Marianne Buggenhagen: „Es geht um die absolute Freude an der Bewegung“.
Marianne Buggenhagen parkt unter ihrem Sonnenschirm. Beim Olympiastadion sitzt die 70-jährige Ex-Paralympionikin im Rollstuhl und verfolgt äußerst aufmerksam die Leichtathletik-Wettkämpfe bei den Weltspielen. Die neunmalige Gold-Gewinnerin bei den Paralympics trainiert zusammen mit Nichte Sandra Buggenhagen seit über drei Jahren die Special Olympics Athletin Heidi Kuder. Genau das ist gelebte Inklusion!
Frau Buggenhagen, wie laufen die ersten Weltspiele als Trainerin?
Marianne Buggenhagen: Wir sind zufrieden. Beim Kugelstoßen ist Heidi mit 8,07 Metern bereits im Finale. Die Laufwettbewerbe stehen noch aus.
Die Rolle der Trainerin ist für Sie beide neu. Haben Sie sich als Team mit Heidi Kuder mittlerweile gut eingespielt?

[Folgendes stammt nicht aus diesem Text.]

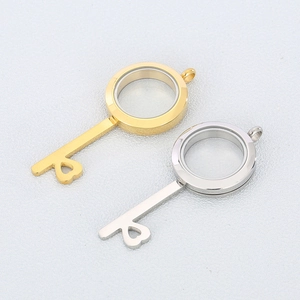 Detail of key-shaped stainless steel locket pendants in gold and silver finish
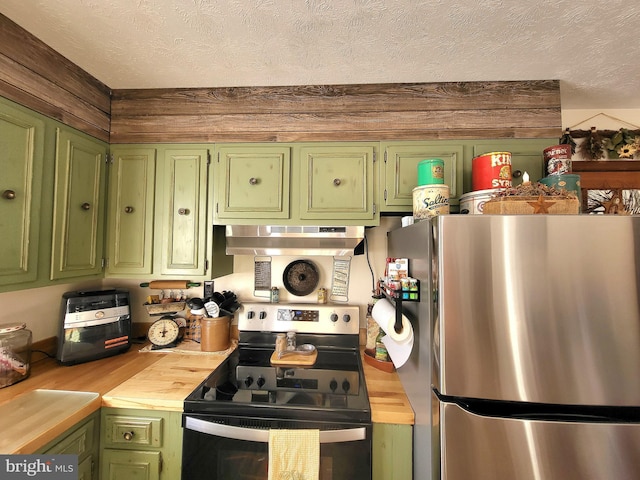 kitchen with green cabinets, stainless steel appliances, extractor fan, and wooden counters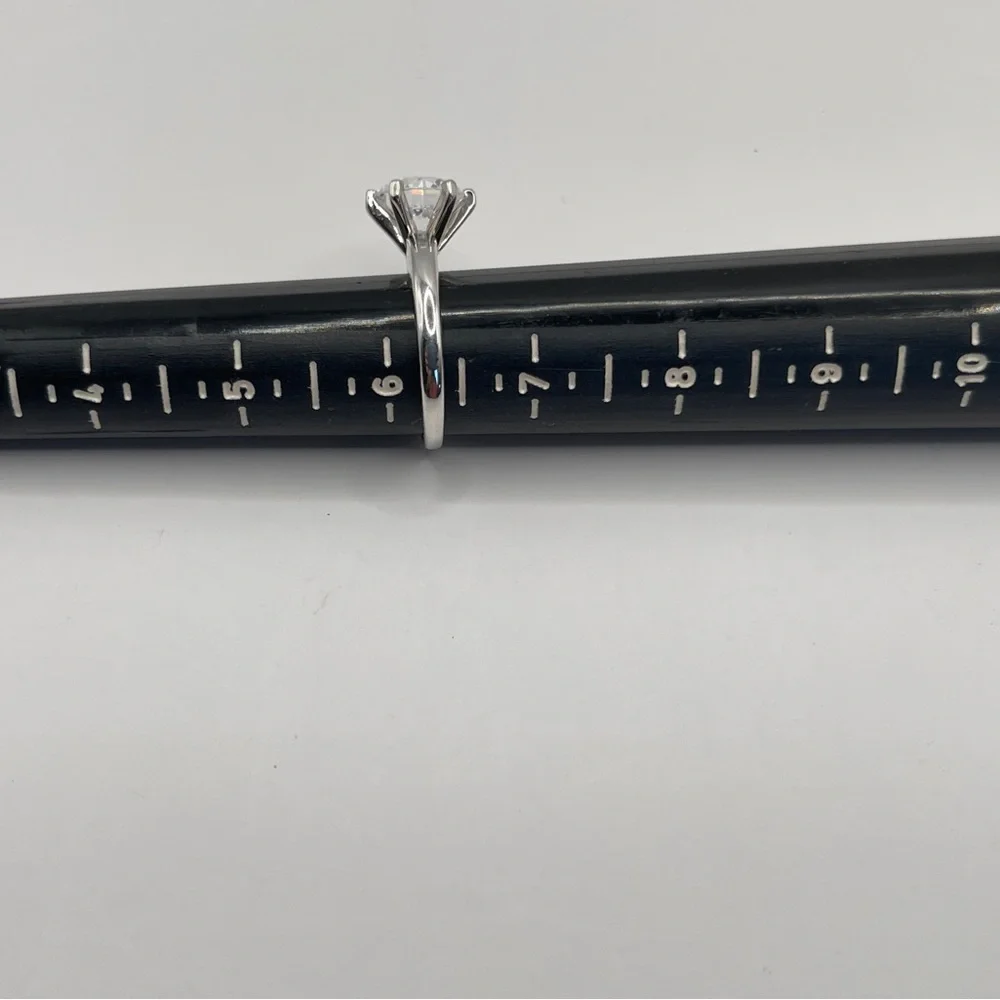 Two (2) carat cz solitaire in a 925 sterling silver setting. Size 6.25.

Marianne Buggenhagen: Auch da bin ich sehr zufrieden. Heidi ist im Laufen richtig stark geworden und hat sich auch beim Krafttraining sehr verbessert. Es muss für sie bei diesen Weltspielen kein erster Platz werden. Aber es wäre schön, wenn sie es schafft, ihr Können abzurufen. Dafür haben wir immer und immer wieder die fast identischen Abläufe trainiert. Das ist ganz, ganz wichtig bei Menschen mit geistiger Beeinträchtigung. Aber hier auf dem Platz herrscht eine völlig andere Atmosphäre: Weltspiele mit vielen Zuschauerinnen und Zuschauern. Das ist alles neu für Heidi.
Wie sind Sie als ehemalige Leistungssportlerin dazu gekommen?

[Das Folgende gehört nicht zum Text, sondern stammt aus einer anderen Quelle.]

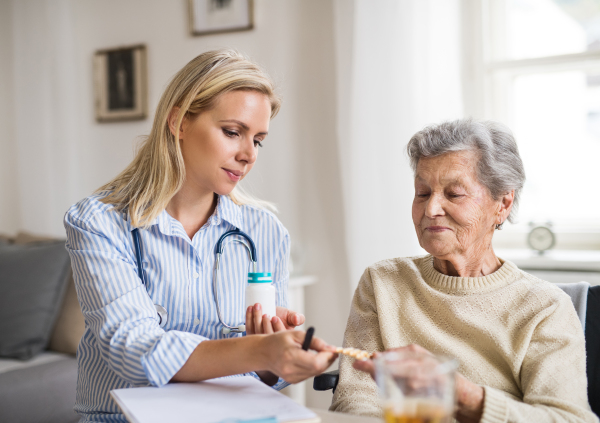 A young health visitor explaining a senior woman in wheelchair how to take medicine and pills.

Marianne Buggenhagen: Als ich vor vier Jahren gehört habe, dass die Weltspiele nach Berlin kommen, habe ich mich sehr darüber gefreut. Eine tolle Chance für die Inklusion. Wir haben ein großes Potenzial an Sportlerinnen und Sportlern mit einer Beeinträchtigung. Aber es gibt keine Vereine, die diese Sportlerinnen und Sportler bei sich trainieren lassen, geschweige denn, sie aufzunehmen. Ich habe zwei Jahre dafür gekämpft, allein einen Verein zu finden, bei dem Athletinnen und Athleten mit Beeinträchtigungen gerade einmal die Woche trainieren dürfen.

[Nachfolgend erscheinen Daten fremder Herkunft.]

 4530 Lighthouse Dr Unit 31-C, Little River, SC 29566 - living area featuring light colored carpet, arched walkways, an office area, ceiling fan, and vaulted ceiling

Was ist denn genau das Problem?
Marianne Buggenhagen: Die Lippenbekenntnisse. „Wir finden es toll, dass Sie sich für Inklusion im Sport einsetzen. Aber wir können das nicht“. Oder noch schlimmer: „Denen kann man doch nur vor den Kopf gucken und nicht hinein“. Eine absolute Frechheit! Der inklusive Sport bringt natürlich gewisse Herausforderungen mit sich: Barrierefreiheit, Transportmöglichkeiten, besondere Trainingspläne, 1:1-Betreuung … aber das ist alles machbar, wenn man es nur will. Wir haben es auch geschafft!
Als vielleicht einzige weltweite Weltklassesportlerin haben Sie als Jugendliche den Sport, dann den Para-Sport und jetzt die Special Olympics kennengelernt. Lassen sich diese drei sportlichen Welten irgendwie vergleichen?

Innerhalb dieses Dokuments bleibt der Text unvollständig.